What exactly is the purpose of syntax objects in scheme?

Question

Syntax objects are the repository for lexical context for the underlying Racket compiler. Concretely, when we enter program like:

#lang racket/base
(* 3 4)

The compiler receives a syntax object representing the entire content of that program. Here's an example to let us see what that syntax object looks like:

#lang racket/base

(define example-program 
  (open-input-string
   "
    #lang racket/base
    (* 3 4)
   "))

(read-accept-reader #t)
(define thingy (read-syntax 'the-test-program example-program))
(print thingy) (newline)
(syntax? thingy)

Note that the * in the program has a compile-time representation as a syntax object within thingy. And at the moment, the * in thingy has no idea where it comes from: it has no binding information yet. It's during the process of expansion, during compilation, that the compiler associates * as a reference to the * of #lang racket/base.

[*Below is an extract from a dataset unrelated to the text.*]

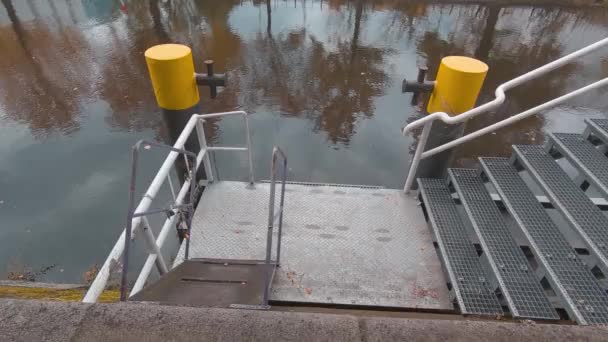 Aanlegplaats aan het kanaal in Berlijn, Duitsland — Stockvideo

We can see this more easily if we interact with things at compile time. (Note: I am deliberately avoiding talking about eval because I want to avoid mixing up discussion of what happens during compile-time vs. run-time.)

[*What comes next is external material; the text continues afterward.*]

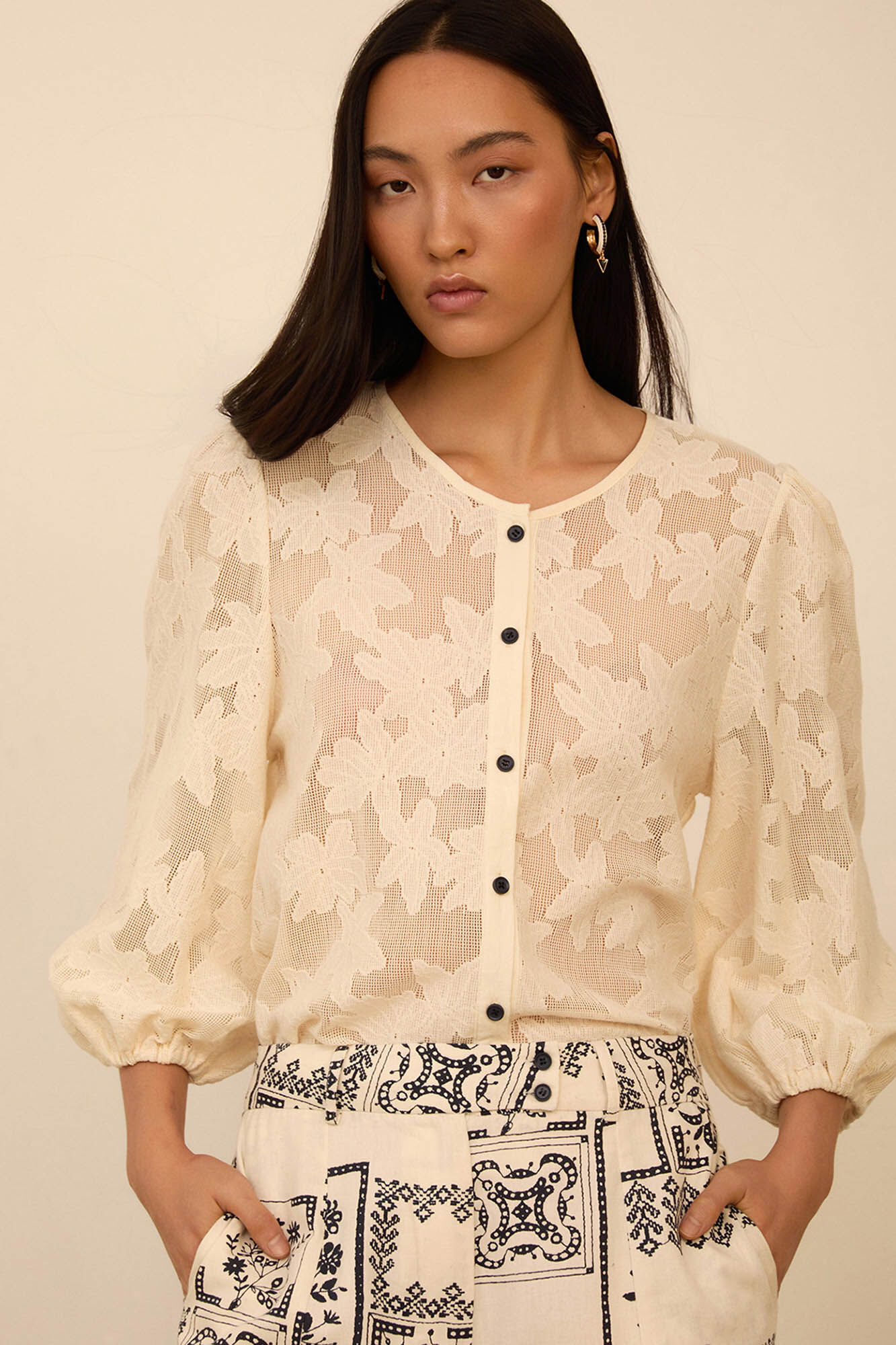 Meisie Blusa em renda Branco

Here is an example to let us inspect more of what these syntax objects do:

#lang racket/base
(require (for-syntax racket/base))

;; This macro is only meant to let us see what the compiler is dealing with
;; at compile time.

(define-syntax (at-compile-time stx)
  (syntax-case stx ()
    [(_ expr)
     (let ()
       (define the-expr #'expr)
       (printf "I see the expression is: ~s\n" the-expr)

       ;; Ultimately, as a macro, we must return back a rewrite of
       ;; the input.  Let's just return the expr:
       the-expr)]))


(at-compile-time (* 3 4))

We'll use a macro here, at-compile-time, to let us inspect the state of things during compilation. If you run this program in DrRacket, you will see that DrRacket first compiles the program, and then runs it. As it compiles the program, when it sees uses of at-compile-time, the compiler will invoke our macro.

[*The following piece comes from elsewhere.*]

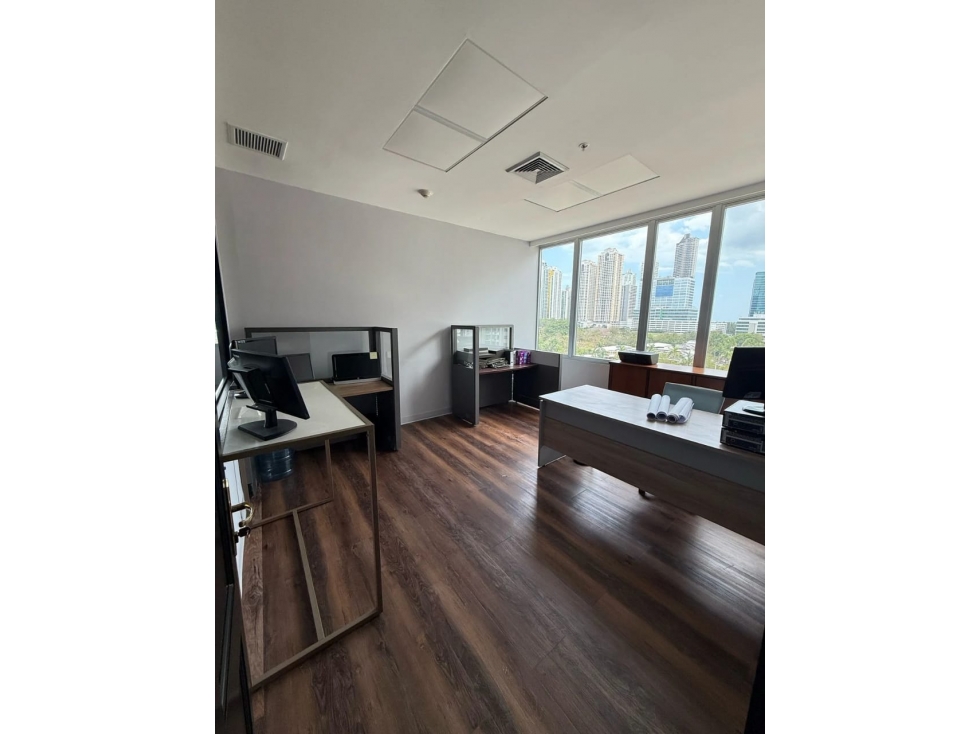 Venta de Oficina Comercial en PH Torre Centenario Parque Lefevre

So at compile-time, we'll see something like:

I see the expression is: #<syntax:20:17 (* 3 4)>

Let's revise the program a little bit, and see if we can inspect the identifier-binding of identifiers:

#lang racket/base
(require (for-syntax racket/base))

(define-syntax (at-compile-time stx)
  (syntax-case stx ()
    [(_ expr)
     (let ()
       (define the-expr #'expr)
       (printf "I see the expression is: ~s\n" the-expr)
       (when (identifier? the-expr)
         (printf "The identifier binding is: ~s\n" (identifier-binding the-expr)))

       the-expr)]))


((at-compile-time *) 3 4)

(let ([* +])
  ((at-compile-time *) 3 4))

If we run this program in DrRacket, we'll see the following output:

I see the expression is: #<syntax:21:18 *>
The identifier binding is: (#<module-path-index> * #<module-path-index> * 0 0 0)
I see the expression is: #<syntax:24:20 *>
The identifier binding is: lexical
12
7

(By the way: why do we see the output from at-compile-time up front? Because compilation is done entirely before runtime! If we pre-compile the program and save the bytecode by using raco make, we would not see the compiler being invoked when we run the program.)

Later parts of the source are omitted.